In line with this guileless approach to matters—his unintended (and virtually inescapable) voyeuring aside—Jake knew there had to be some normal way to approach her—under normal circumstances. He paused on something in that thought, flicked it aside. If nothing else, he owed her the knowledge of his presence on those mornings. But he would not rehearse what he’d say. Or surmise her response. The circumstances of their meeting would dictate the discourse. After all, if he could persuade a jury…. Jake laughed to himself. He was always prepared to improvise.
As fate would have it, by pure, incredible happenstance, as Jake was leaving the courthouse one afternoon, he saw her—actually her head—as she entered a news van outside the Gazette building. So now by a simple twist of fate (a good omen, Jake decided), her place of work was revealed, and—as naturally as any employee or visitor to the building—he showed up early next morning to check out the scene.
It took only two days to establish her routine. Between 9:30 and 9:45, her elevator descended to the lobby. After a few pleasantries with the security guard, she went straight to the bagel kiosk, then to the lounge at the center of the lobby, where she spent the next fifteen minutes or so with her coffee and half bagel (she took the other half with her)—as she perused a manuscript. Granted, a bagel stand was not the most “normal” place for Jake—a toast-and-butter man, himself, he had little appreciation for boiled dough—but it was a small concession to make. And it was either that or the gumshoe routine, which, at this point, seemed a bit perverse.

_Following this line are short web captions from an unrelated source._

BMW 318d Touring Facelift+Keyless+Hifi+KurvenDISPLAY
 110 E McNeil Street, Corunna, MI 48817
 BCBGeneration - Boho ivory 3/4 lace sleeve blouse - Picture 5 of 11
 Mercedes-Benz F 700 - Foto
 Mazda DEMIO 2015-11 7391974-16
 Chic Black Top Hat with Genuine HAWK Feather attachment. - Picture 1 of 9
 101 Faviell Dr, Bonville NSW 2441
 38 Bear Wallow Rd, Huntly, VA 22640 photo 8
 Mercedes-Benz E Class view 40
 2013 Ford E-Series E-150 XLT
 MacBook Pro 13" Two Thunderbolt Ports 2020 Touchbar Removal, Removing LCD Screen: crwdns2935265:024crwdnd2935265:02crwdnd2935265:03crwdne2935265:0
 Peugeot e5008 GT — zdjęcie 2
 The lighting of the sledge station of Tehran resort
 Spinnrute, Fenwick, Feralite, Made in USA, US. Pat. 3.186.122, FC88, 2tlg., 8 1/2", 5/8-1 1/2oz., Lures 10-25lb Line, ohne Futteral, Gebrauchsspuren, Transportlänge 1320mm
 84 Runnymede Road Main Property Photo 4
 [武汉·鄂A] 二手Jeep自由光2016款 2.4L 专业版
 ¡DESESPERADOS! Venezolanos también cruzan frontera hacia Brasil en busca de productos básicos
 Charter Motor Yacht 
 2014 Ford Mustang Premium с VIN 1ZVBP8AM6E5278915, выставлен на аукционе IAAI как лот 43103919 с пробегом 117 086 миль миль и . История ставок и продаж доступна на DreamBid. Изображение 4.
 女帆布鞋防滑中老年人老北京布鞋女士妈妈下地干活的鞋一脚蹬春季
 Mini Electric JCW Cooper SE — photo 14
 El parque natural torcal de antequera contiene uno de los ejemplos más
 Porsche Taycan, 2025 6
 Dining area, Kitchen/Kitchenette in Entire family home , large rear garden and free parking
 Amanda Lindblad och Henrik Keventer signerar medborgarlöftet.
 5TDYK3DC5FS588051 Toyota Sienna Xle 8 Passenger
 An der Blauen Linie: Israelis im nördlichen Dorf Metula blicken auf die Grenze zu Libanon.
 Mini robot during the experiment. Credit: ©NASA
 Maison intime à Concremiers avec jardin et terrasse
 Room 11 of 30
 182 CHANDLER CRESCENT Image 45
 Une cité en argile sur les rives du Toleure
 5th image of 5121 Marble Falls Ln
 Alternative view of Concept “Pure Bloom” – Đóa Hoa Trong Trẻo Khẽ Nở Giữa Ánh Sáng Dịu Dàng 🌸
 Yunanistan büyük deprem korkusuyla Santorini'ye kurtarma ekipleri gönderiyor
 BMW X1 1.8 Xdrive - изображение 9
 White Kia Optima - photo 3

Yet, he’d tried that role on, too, picturing himself—like an Antonio Banderas or Brad Pitt (but better dressed)—propped against a pillar, hand in his pocket, newspaper at his face, as he watched for her. And then he’d—what? Throw himself at her? He dismissed the notion as inane, considered instead the last-minute, jump-the-elevator routine. But with a face full of people, what would he say to her? He envisioned their sniggers, her wide-eyed amusement. The comedian: not his style.
Somehow, he had to do this within his own context. With some dignity. After all, he’d never had trouble talking to a woman before—probably due to the fact that he didn’t put himself into these absurd scenarios, thus sparing himself the contrivances and clichés which went with them.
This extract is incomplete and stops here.